#### WHAT THE TASK ASKS
Please transcribe the data that follows exactly as given, leaving out every picture.

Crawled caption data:
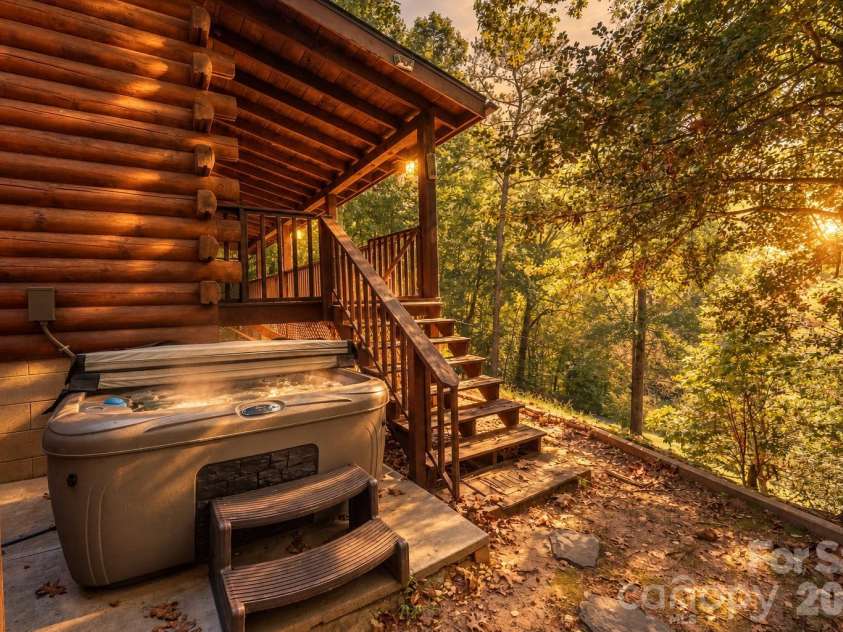 181 Seven Springs Road, Whittier, NC 28789.  MLS# CAR4430802, YatesRealty ID 54443. 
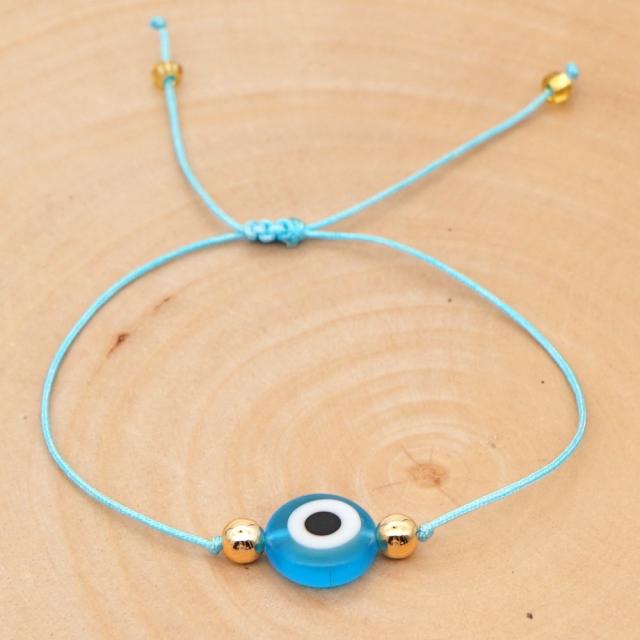 Amazon hot sale evil eye string bracelet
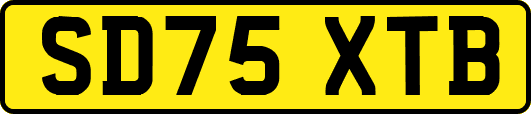 SD75XTB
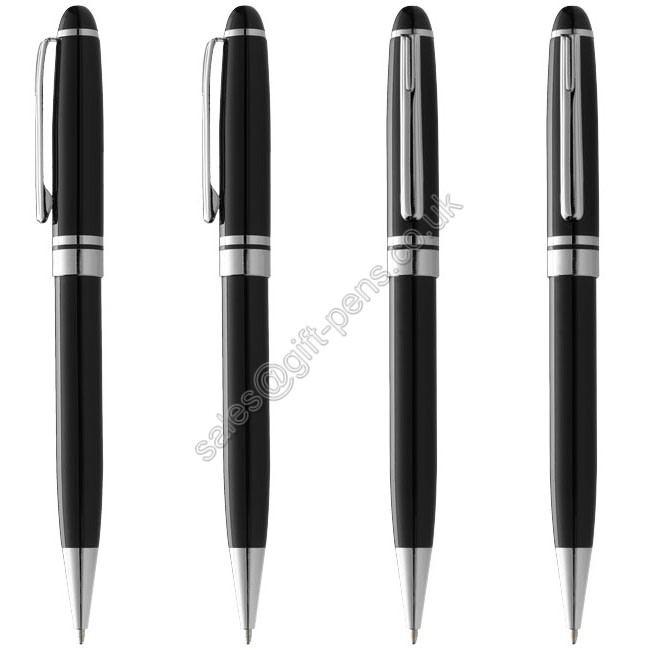 Rotate metal ballpen, advertising rotate metal logo ball pen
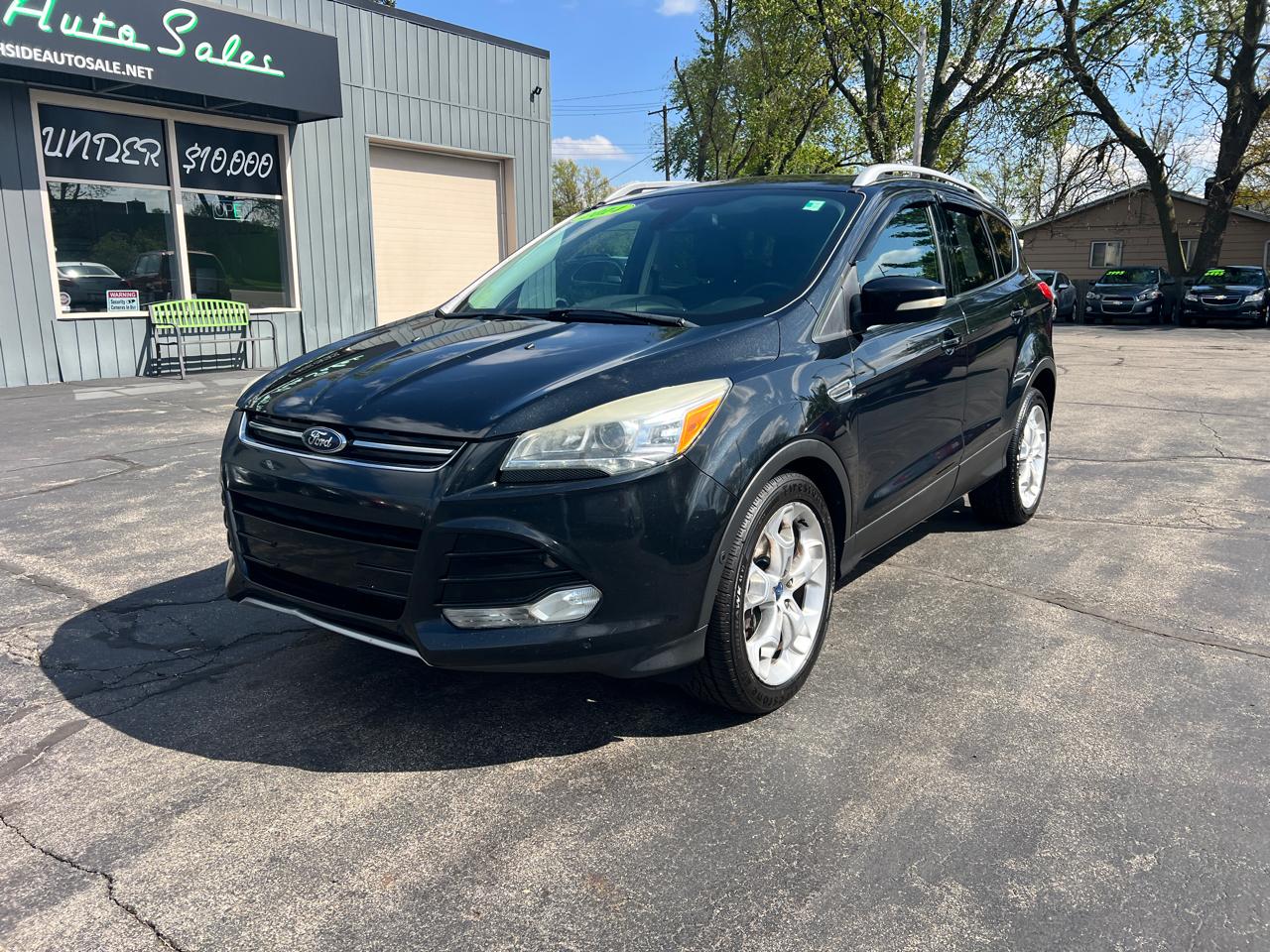 Ford Escape FWD 4dr Titanium 2014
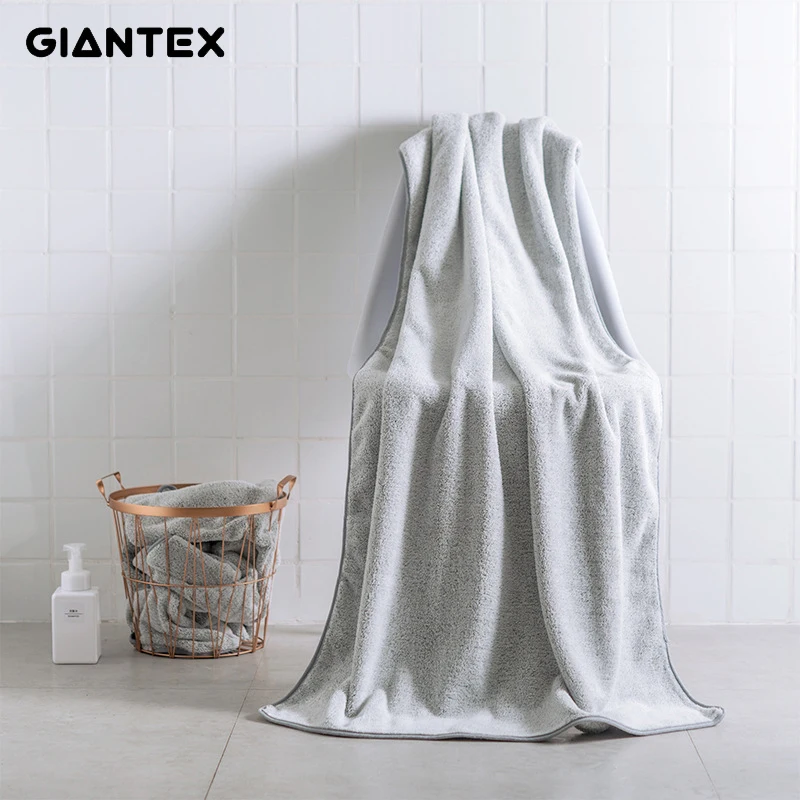 

GIANTEX Women Bathroom Bamboo Fiber Bath Towels for adults Body Bath Wrap Towel serviette de bain toalhas de banho handdoeken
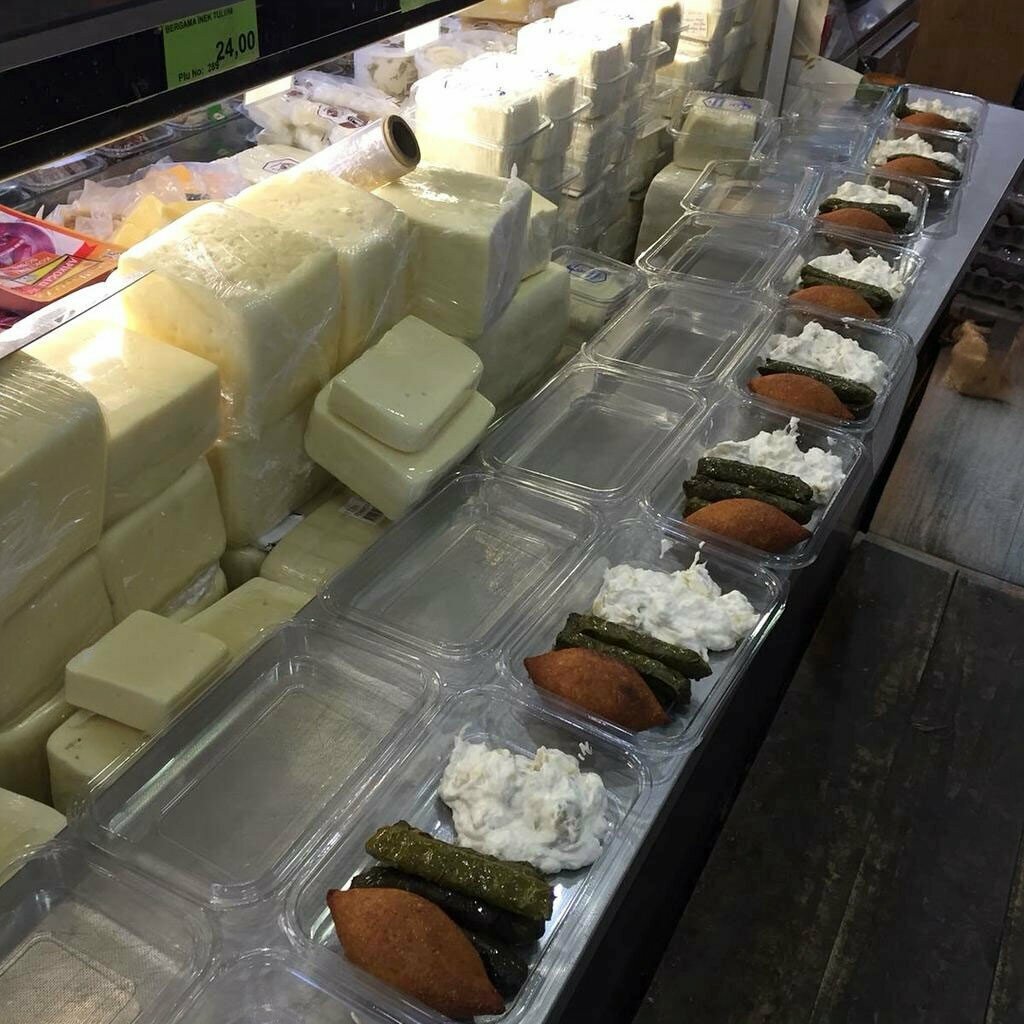 Dairy products shop Cheesemaker Huseyin, Turgutlu, photo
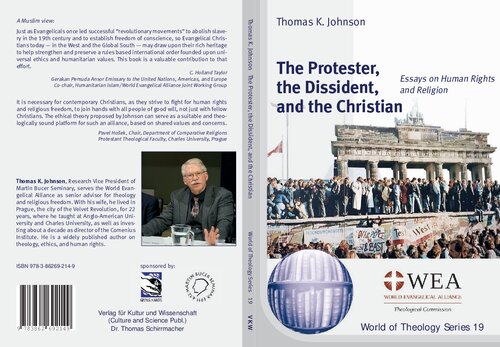 The Protester, the Dissident, and the Christian: Essays on Human Rights and Religion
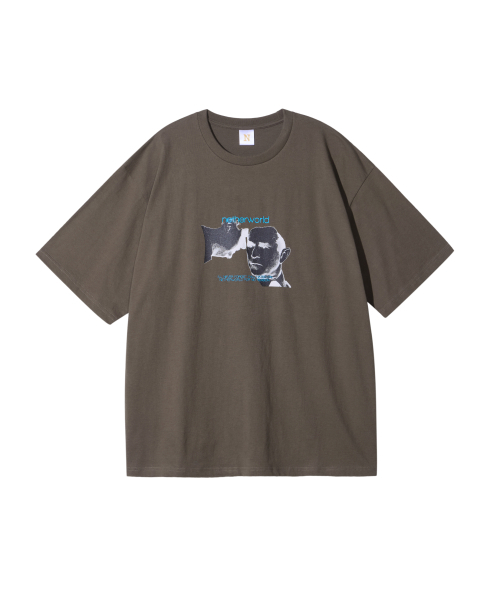 NETHERWORLD(ネザーワールド)の「THORNY TEE BROWN(Tシャツ/カットソー・メンズ・その他・X-LARGE/LARGE/MEDIUM/SMALL)」の2枚目の写真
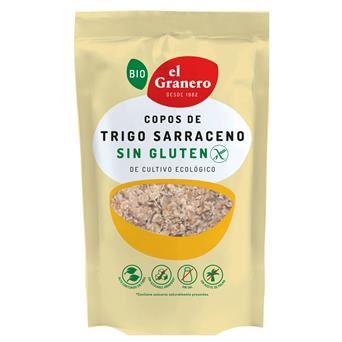 COPOS TRIGO SARRACENO BIO 450gr (U/C 12)-EL GRANERO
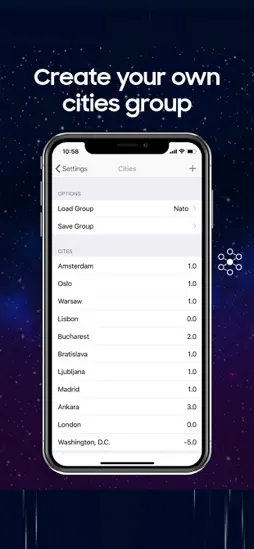 Time Glance — World Clock screenshot 14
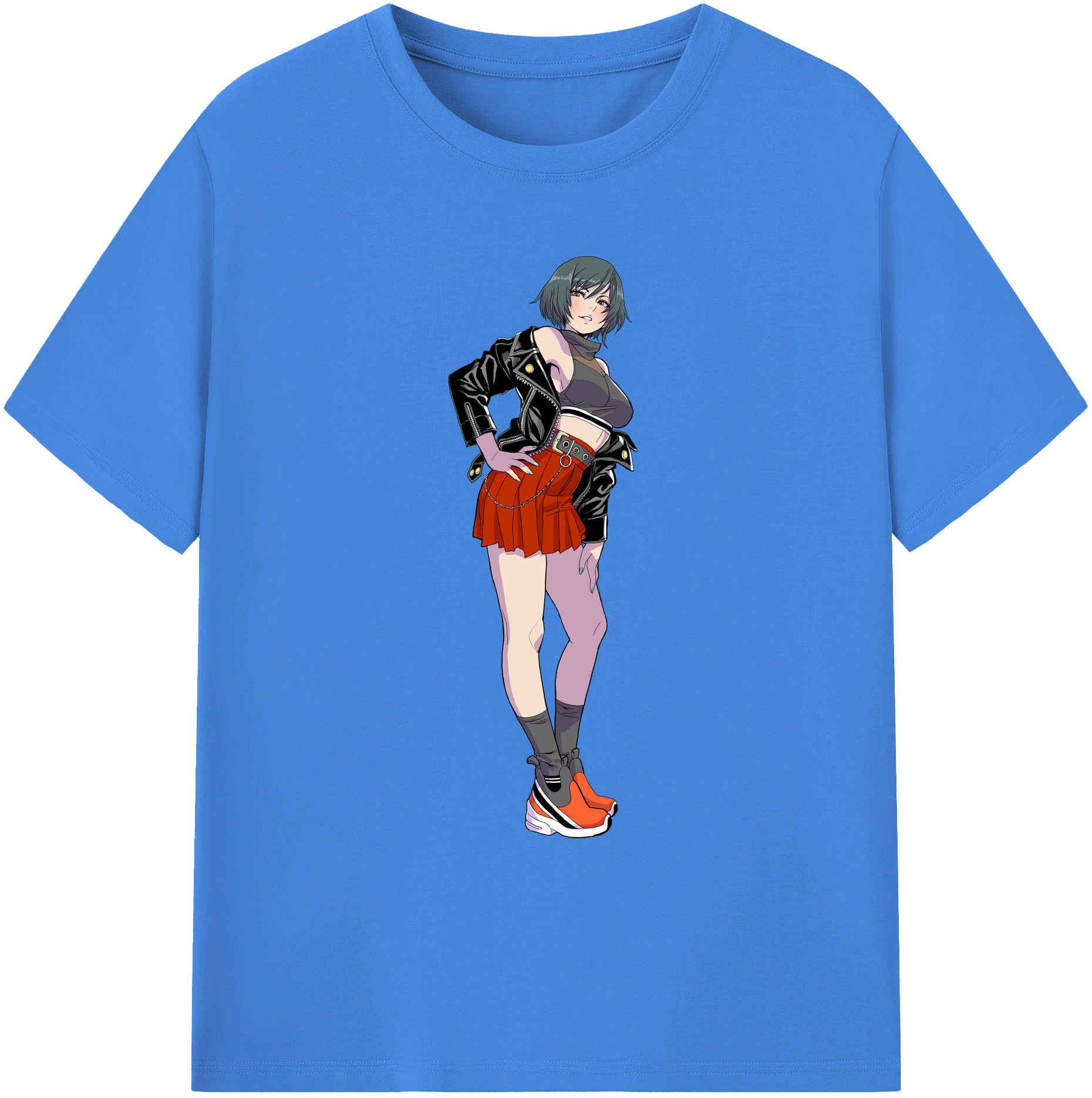 （画像用） 呪術廻戦 Jujutsu Kaisen 綿100％ メンズ半袖Tシャツ｜肌触りやわらか＆通気性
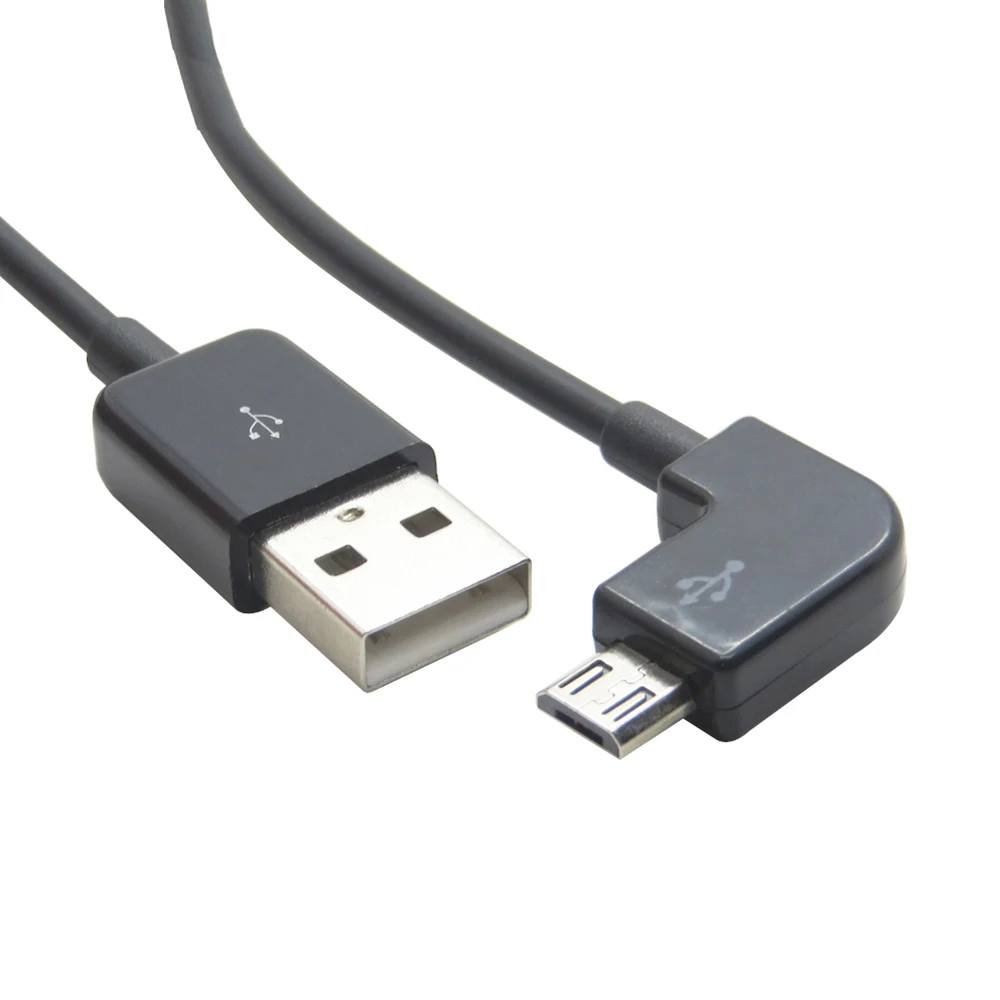 Buy 100pcs/lot 1M Right Angle 90 Degrees 5Pin Micro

#### RESULT OF THE TASK
 181 Seven Springs Road, Whittier, NC 28789.  MLS# CAR4430802, YatesRealty ID 54443. 
 Amazon hot sale evil eye string bracelet
 SD75XTB
 Rotate metal ballpen, advertising rotate metal logo ball pen
 Ford Escape FWD 4dr Titanium 2014

GIANTEX Women Bathroom Bamboo Fiber Bath Towels for adults Body Bath Wrap Towel serviette de bain toalhas de banho handdoeken
 Dairy products shop Cheesemaker Huseyin, Turgutlu, photo
 The Protester, the Dissident, and the Christian: Essays on Human Rights and Religion
 NETHERWORLD(ネザーワールド)の「THORNY TEE BROWN(Tシャツ/カットソー・メンズ・その他・X-LARGE/LARGE/MEDIUM/SMALL)」の2枚目の写真
 COPOS TRIGO SARRACENO BIO 450gr (U/C 12)-EL GRANERO
 Time Glance — World Clock screenshot 14
 （画像用） 呪術廻戦 Jujutsu Kaisen 綿100％ メンズ半袖Tシャツ｜肌触りやわらか＆通気性
 Buy 100pcs/lot 1M Right Angle 90 Degrees 5Pin Micro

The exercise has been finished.